▸ The data:
■ ■ ■ ■ ■ ■ ■

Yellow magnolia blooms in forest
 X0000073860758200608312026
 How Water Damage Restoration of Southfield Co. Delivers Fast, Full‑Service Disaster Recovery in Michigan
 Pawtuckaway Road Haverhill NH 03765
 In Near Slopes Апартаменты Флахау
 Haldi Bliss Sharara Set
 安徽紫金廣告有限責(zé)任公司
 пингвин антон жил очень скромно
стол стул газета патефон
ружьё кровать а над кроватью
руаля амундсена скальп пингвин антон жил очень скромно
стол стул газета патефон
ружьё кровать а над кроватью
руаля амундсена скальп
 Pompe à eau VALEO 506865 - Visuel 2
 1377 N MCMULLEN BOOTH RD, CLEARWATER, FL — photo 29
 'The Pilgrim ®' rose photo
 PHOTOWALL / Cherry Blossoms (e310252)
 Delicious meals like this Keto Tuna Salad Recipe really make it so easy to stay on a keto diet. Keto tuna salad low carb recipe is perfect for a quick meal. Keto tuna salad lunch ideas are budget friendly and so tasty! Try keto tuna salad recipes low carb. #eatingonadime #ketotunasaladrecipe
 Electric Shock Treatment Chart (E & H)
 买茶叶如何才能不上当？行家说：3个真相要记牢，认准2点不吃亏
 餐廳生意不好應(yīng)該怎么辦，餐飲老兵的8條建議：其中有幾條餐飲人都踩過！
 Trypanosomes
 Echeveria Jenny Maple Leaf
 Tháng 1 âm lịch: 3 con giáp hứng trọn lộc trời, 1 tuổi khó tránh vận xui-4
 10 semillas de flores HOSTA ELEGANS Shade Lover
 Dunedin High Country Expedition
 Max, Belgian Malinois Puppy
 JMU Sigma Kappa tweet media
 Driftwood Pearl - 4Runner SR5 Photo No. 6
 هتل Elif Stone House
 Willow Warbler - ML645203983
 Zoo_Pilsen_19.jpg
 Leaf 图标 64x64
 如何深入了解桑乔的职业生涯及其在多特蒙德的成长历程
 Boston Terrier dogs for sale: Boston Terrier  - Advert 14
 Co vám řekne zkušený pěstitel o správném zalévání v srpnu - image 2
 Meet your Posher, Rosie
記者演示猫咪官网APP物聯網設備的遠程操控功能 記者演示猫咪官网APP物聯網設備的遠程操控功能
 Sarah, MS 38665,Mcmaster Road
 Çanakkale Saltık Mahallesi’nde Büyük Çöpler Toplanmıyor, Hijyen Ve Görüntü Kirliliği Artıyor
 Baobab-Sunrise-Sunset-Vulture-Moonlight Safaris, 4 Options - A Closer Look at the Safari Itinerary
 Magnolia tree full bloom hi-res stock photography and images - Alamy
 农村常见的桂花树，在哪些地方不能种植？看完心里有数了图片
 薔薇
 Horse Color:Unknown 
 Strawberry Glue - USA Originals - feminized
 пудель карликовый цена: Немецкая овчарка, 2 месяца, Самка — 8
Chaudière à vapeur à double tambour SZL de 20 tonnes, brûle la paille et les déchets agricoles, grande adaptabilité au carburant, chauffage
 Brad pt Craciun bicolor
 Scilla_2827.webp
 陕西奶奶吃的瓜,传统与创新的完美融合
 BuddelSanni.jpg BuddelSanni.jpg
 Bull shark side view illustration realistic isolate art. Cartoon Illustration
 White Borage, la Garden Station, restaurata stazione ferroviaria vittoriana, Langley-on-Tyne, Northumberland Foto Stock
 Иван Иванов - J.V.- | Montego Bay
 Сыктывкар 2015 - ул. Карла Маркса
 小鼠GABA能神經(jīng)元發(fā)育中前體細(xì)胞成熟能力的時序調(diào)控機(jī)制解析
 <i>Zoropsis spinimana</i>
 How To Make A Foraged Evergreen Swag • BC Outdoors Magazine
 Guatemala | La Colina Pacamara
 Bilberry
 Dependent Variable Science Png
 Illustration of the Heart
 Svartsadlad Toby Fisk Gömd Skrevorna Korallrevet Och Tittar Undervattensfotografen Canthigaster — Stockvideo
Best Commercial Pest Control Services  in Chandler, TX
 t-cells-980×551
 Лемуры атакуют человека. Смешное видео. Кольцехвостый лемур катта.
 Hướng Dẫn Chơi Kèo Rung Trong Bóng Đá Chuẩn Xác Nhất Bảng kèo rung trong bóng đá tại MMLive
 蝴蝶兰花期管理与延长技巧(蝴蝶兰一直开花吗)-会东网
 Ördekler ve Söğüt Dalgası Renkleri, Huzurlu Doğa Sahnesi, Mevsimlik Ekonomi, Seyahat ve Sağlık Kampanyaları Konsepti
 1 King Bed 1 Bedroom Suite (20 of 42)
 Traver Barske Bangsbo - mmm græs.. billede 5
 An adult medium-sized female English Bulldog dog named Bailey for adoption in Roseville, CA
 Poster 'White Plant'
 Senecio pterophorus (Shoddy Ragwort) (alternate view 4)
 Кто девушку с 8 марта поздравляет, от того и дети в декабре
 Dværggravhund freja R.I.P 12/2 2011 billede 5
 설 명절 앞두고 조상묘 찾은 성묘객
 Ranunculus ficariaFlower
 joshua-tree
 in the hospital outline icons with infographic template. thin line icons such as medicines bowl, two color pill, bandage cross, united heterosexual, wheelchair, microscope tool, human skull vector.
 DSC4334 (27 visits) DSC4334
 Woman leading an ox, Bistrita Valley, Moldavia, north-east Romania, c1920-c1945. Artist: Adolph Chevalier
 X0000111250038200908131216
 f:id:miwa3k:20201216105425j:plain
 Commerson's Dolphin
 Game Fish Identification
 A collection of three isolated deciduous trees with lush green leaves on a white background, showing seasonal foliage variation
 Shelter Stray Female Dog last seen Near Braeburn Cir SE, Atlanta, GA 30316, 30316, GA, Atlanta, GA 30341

■ ■ ■ ■ ■ ■ ■

Only a number should be given in reply: how many lines in the entries above hold "амундсена".

2